Sneaky Financial Creation: FEE STACKING
Peter is in his early 50s and ramping-up his retirement savings. Names have been changed to
protect identities.
Peter has engaged an Independent Financial Advisor (IFA) to whom he pays 0.50% per
annum to manage his pension of around £350,000. He trusts his IFA but is worried there may
be undisclosed fees and that his portfolio may suffer from weak performance.
So, he asked us to investigate:
FEES
The first thing we noticed was that Peter’s IFA is neither qualified nor authorised to manage
money. His IFA instead sees his role as confined to relationship building and “high-level
advice”.
For Peter, his trust in his IFA was about to turn into an expensive fee trap. For which he
would pay handsomely: 0.50% per annum will erode around 7% of Peter’s expected final
savings pot in 15-years’ time. And that’s before the investment journey has even begun!
Back to the ‘fee trail’, where we found that Peter’s asset allocation decisions were taken by a
large national UK Wealth Manager engaged by his IFA. Its fee for this service was 1.3% p.a.
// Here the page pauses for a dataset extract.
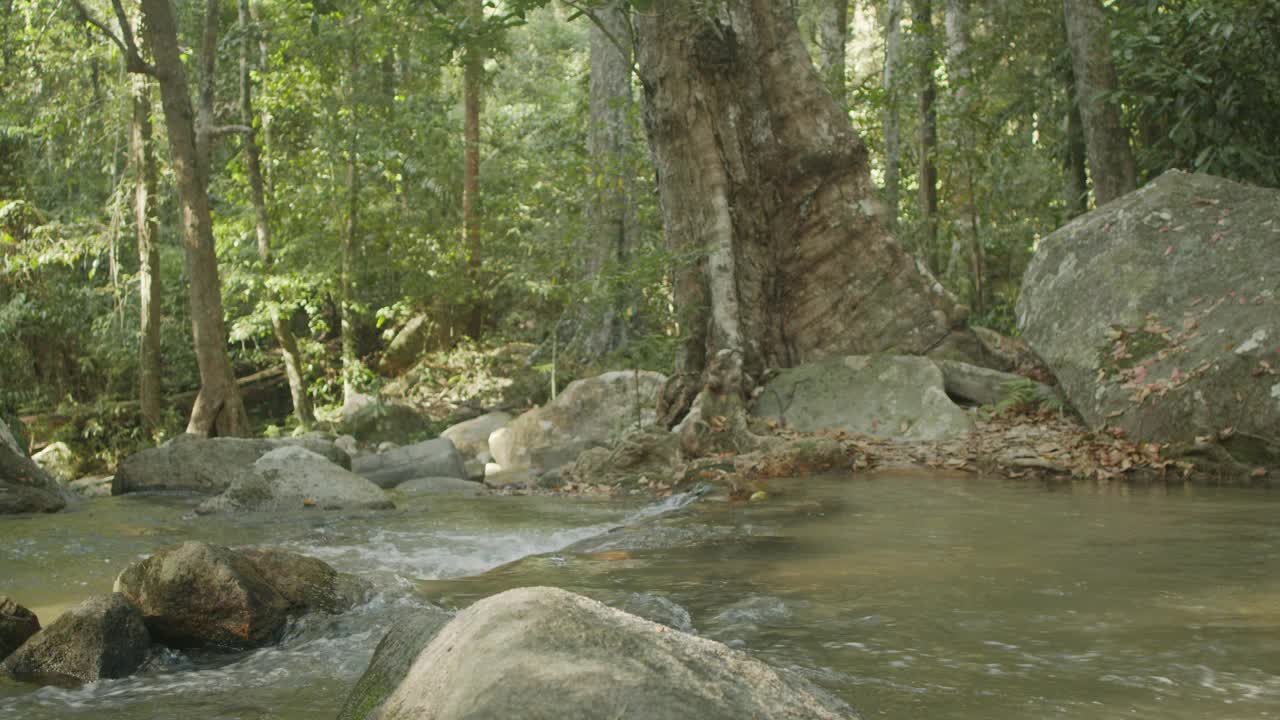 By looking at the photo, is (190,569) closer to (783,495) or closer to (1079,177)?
(783,495)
Then came something that frankly shocked us; the large UK Wealth Manager “rebated”
0.5% of its 1.3% annual fee to Peter’s IFA, in addition to the 0.5% he was already charging. All
disclosed in the small print, but Peter was entirely unaware of this.
Peter’s total fees were now running at 1.8% p.a. rising to 1.95% p.a. when administration
costs are added. And not a penny has yet been put to work.
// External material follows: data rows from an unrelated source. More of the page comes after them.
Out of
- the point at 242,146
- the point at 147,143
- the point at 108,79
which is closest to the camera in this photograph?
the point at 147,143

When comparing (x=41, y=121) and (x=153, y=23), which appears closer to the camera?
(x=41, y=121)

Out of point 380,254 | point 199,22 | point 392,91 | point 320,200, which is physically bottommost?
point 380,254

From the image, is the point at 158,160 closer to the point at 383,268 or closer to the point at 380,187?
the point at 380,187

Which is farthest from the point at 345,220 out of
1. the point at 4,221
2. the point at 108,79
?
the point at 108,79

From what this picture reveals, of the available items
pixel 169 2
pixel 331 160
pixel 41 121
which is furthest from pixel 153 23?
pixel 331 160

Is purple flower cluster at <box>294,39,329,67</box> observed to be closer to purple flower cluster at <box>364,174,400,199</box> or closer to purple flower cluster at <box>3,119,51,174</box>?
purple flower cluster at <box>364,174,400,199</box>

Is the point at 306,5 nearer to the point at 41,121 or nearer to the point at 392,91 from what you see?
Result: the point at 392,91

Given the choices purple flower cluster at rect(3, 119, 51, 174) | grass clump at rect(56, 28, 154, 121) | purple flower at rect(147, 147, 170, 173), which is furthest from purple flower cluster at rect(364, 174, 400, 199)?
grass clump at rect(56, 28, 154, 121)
The trail ends with Peter’s savings eventually being allocated to a myriad of active funds and
complex structured investments, which together attracted another 1.55% p.a. in fees.
Total fee tally was 3.5% p.a. Nothing like the 0.50% p.a. Peter thought he was paying!
The mathematics of compounding mean that – even if Peter invests his money with the best
fund manager in the world – he will lose around 40% of his final pension pot to fees and
charges in the next 15 years.
Eriswell would estimate a fair price for Peter’s combined services to be around 1% p.a.
Invested at this lower fee level, and assuming 5% annual growth, Peter could expect a final
pension pot of around £625,000. That is £190,000 more than the £435,00 he is currently on
track for.
Stellar performance would be the only justification for paying such high fees. So, let’s take a
look:
PERFORMANCE
Peter’s portfolio is broadly linked to the MSCI World Index – a key asset management
benchmark – in terms of both composition and risk. Over the past 3-years the MSCI World
has delivered a total return of around 47%.
By comparison, Peter’s fiendishly and – in our judgement – needlessly complicated portfolio
has risen by only 23%. The reasons why will be the subject of another note.
It’s Your Money: Just say NO!
This combination of high fees and weak performance is not acceptable. So often we see it;
over 50% of a saver’s hard-earned money needlessly destroyed over their working lives.
There is rarely one culprit to be found. Behind the glossy marketing, the retail savings
industry remains plagued by poorly allocated and poorly performing portfolios supporting
long and sloppy fee chains, which are often poorly disclosed.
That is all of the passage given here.